FIELD OF THE DISCLOSURE

The present disclosure generally relates to the field of computer accessories technology and, more particularly, relates to a heat pipe, a radiator, and an electronic device.

BACKGROUND

Because of the excellent thermal conductivity, heat pipes have been widely used for heat dissipation, especially in thin systems. A heat pipe is typically formed by a closed pipe shell and a liquid-absorption core on the inner wall of the pipe shell. The inside of the heat pipe is pumped to have a negative pressure and then filled with an appropriate liquid. The liquid may have a low boiling point, and thus may easily evaporate. Moreover, the heat pipe has an evaporation end and a condensation end. When the evaporation end of the heat pipe is heated, the liquid in the heat pipe evaporates rapidly. The steam of the liquid flows to the other end (i.e., the condensation end) driven by a small pressure difference. In the meantime, by releasing the heat, the steam may be re-condensed into the liquid state. The re-condensed liquid further flows back to the evaporation end along the liquid-absorption core due to the capillary attraction of the liquid-absorption core. As the conduction cycle continuously runs, heat conduction is realized.
In conventional heat pipes, the capillary layer of the liquid-absorption core may be formed by introducing grooves or sintered copper powder into the copper pipe. However, this type of heat pipe is rigid, and the overall shape cannot be re-adjusted after the formation. Thus, the conventional heat pipes cannot be used for heat conduction in deformable systems.
Therefore, how to provide a shape-adjustable heat pipe to accommodate the requirements for the heat conduction in deformable systems is an urgent problem to be solved in the field. The disclosed heat pipe, radiator, and electronic device are directed to solve one or more problems set forth above and other problems.

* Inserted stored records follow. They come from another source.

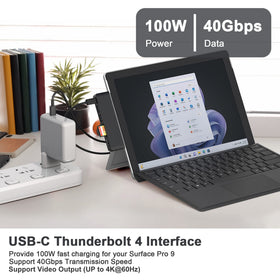 Yeemie Pro dock includes two USB 3.0 ports for fast file transfers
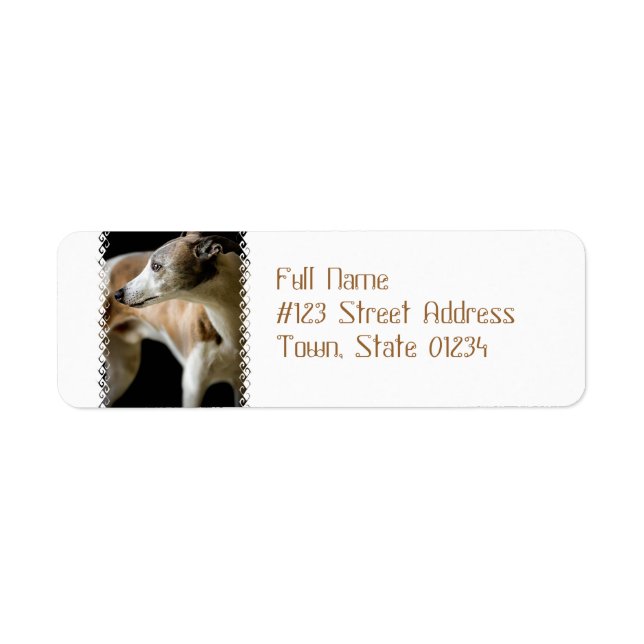 Greyhound Dog Mailing Labels (Vorne)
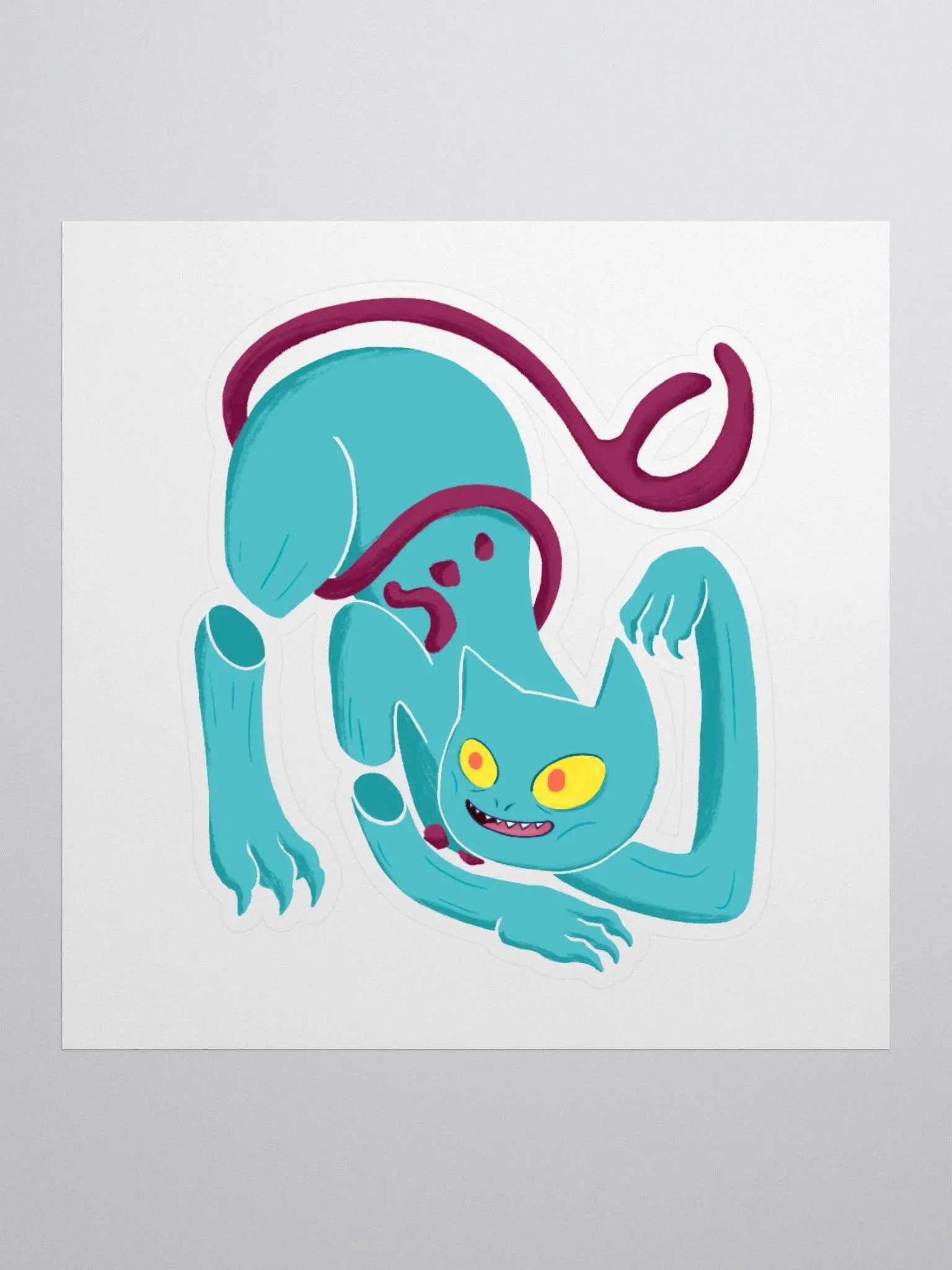 Demon Cat Sticker product image (2)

BRIEF SUMMARY OF THE DISCLOSURE

One aspect of the present disclosure provides a heat pipe. The heat pipe includes a pipe shell and a liquid-absorption core on the inner wall of the pipe shell. The pipe shell includes a first pipe section at an evaporation end of the heat pipe, a second pipe section at a condensation end of the heat pipe, and an intermediate pipe section connecting the first pipe section and the second pipe section. The intermediate pipe section of the pipe shell is an intermediate flexible pipe, and the liquid-absorption core has a flexible structure.
Another aspect of the present disclosure provides a radiator. The radiator includes a heat pipe. The heat pipe includes a pipe shell and a liquid-absorption core on the inner wall of the pipe shell. The pipe shell includes a first pipe section at an evaporation end of the heat pipe, a second pipe section at a condensation end of the heat pipe, and an intermediate pipe section connecting the first pipe section and the second pipe section. The intermediate pipe section of the pipe shell is an intermediate flexible pipe, and the liquid-absorption core has a flexible structure.
Another aspect of the present disclosure provides an electronic device. The electronic device includes a radiator. A heat pipe of the radiator includes a pipe shell and a liquid-absorption core on the inner wall of the pipe shell. The pipe shell includes a first pipe section at an evaporation end of the heat pipe, a second pipe section at a condensation end of the heat pipe, and an intermediate pipe section connecting the first pipe section and the second pipe section. The intermediate pipe section of the pipe shell is an intermediate flexible pipe, and the liquid-absorption core has a flexible structure.
Other aspects of the present disclosure can be understood by those skilled in the art in light of the description, the claims, and the drawings of the present disclosure.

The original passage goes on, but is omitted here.